There are several questions here. Let’s start with the hypothesis that sustainability is averse to consumerism. Indulge me with a digression for a second. We often talk about four factors of production (materials, labor, capital, and managerial talent) but have ignored a discussion of the last factor of production, namely natural capital such as water, carbon, mineral resources, and so on. We, by and large, assign a cost of zero to natural capital, while calculating corporate income and GDP. We may have a hard time figuring out the true social cost of natural capital, but it is certainly not zero!
So, does sustainability mean anti-consumerism? It does not have to be. Growth can also mean GDP improvement per unit of natural capital consumed. The idea of de-growth, pushed in certain circles, is a non-starter in emerging markets. We cannot sell sustainability to folks in India and Africa by telling them that we are about to conserve our natural capital and will hence not aim to grow in the future.

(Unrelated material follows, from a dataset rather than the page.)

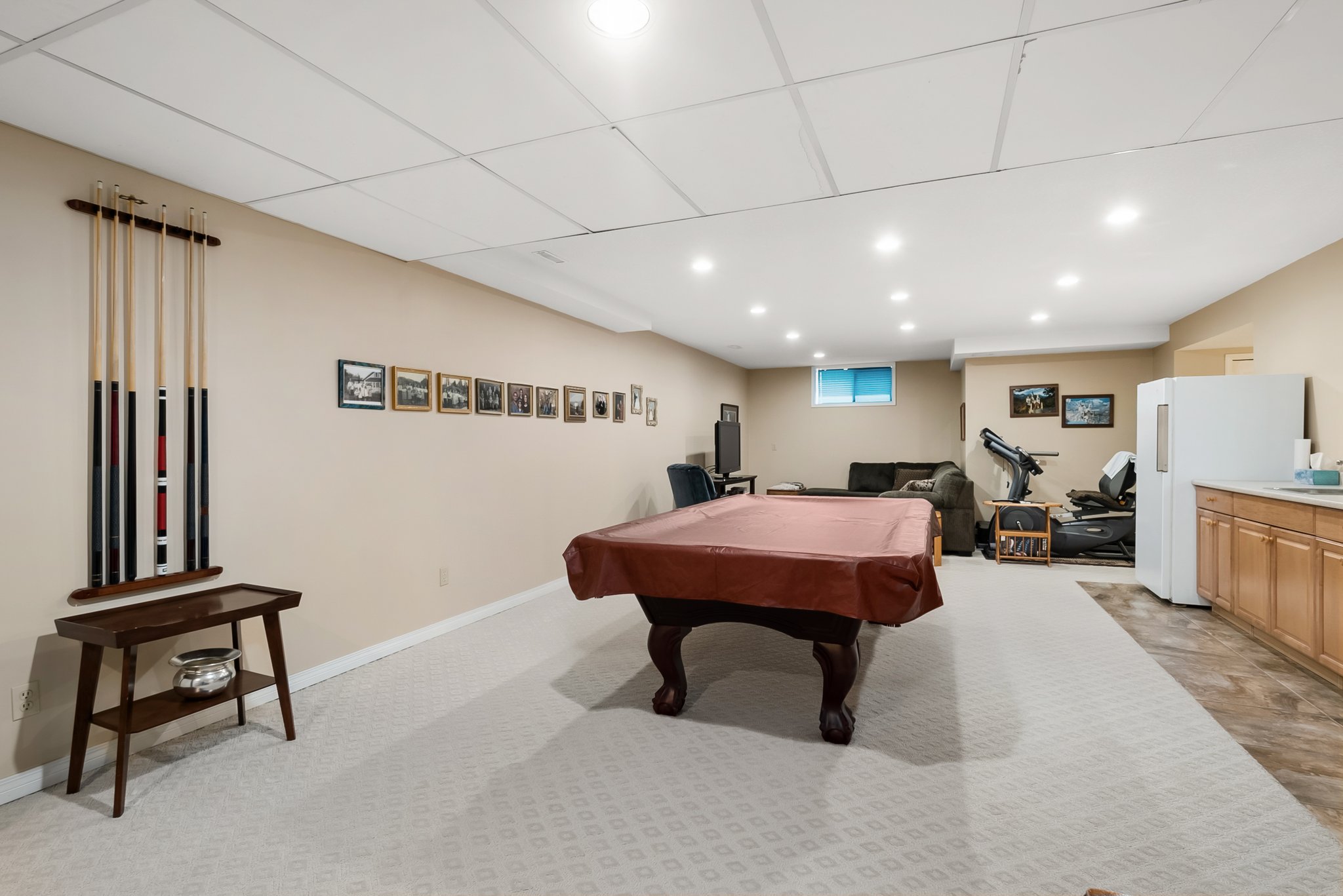 2200 Gordon Dr, Kelowna, BC V1Y 8T7, Canada Photo 29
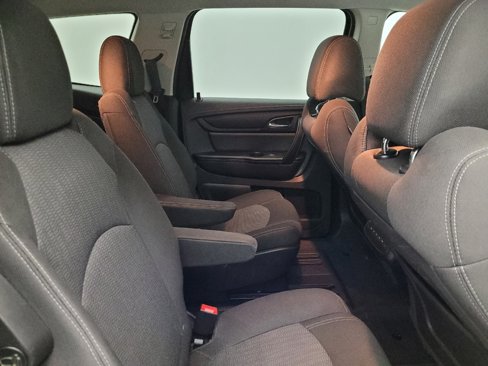 Used 2017 Chevrolet Traverse LT image 19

My hope is that technology will evolve such that we can produce GDP and corporate net income with a lower investment of natural capital consumed. If I were an engineer at the fabled IITs (Indian Institute of Technology), regional engineering colleges and so on, I would work on coming up with ways to increase our growth without expanding our carbon footprint or consumption of natural capital in general, cheaper and better ways to storage energy in batteries, and work on adaptation strategies as extreme weather events become more common and hurt populated coastal regions in India.
There is a lot of room for optimism. Recall that until around the early 20th century, gasoline was considered a nuisance byproduct as opposed to an invaluable asset. Rare earth minerals until the age of the smart phone was not considered to be of much value. Human ingenuity will hopefully find a way to maintain or increase growth with minimal consumption of natural capital.